Les visioconférences, même si elles permettent de conserver le contact, ne créent pas la même émulation.
L’état d’esprit atelier si cher à NormAAL…
AL : Il y a effectivement un état d’esprit que l’on essaie de cultiver au quotidien. NormAAl a ainsi son identité. Nous avons vraiment une équipe de fidèles et nous les en remercions.
DL : Sur Barbapapa, on peut citer Aurore Sanguinetti, 1 ère assistante réalisatrice, qui a fait un énorme travail de transposition de l’univers en travaillant avec Alice Taylor, qui était aussi la directrice artistique. Jordan Blondeau, le chef board, qui a travaillé avec Thomas Taylor sur la narration.
Clément Pelletier, le chef anim, qui a fait tout le développement sur Harmony avec Justine Leroy. Ou encore David Sauve, le directeur technique de NormAAL qui est également le monteur de la série et Marion Lebastard, chargée de production en titane.

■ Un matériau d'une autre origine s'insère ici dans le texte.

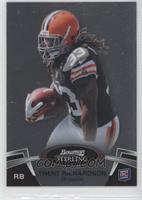 Trent Richardson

On fait tout pour que les personnes qui travaillent chez NormAAl en aiment l’ambiance. Il·elles ne sont pas uniquement des technicien·nes, mais ont tou·tes des responsabilités sur les tâches qui leur incombent.
AL : Le studio d’Angoulême n’est pas un prestataire du studio parisien. On peut décider de faire une production à Paris ou à Angoulême, mais il n’y a pas de hiérarchie entre les deux studios. Tout le monde travaille simplement pour NormAAl.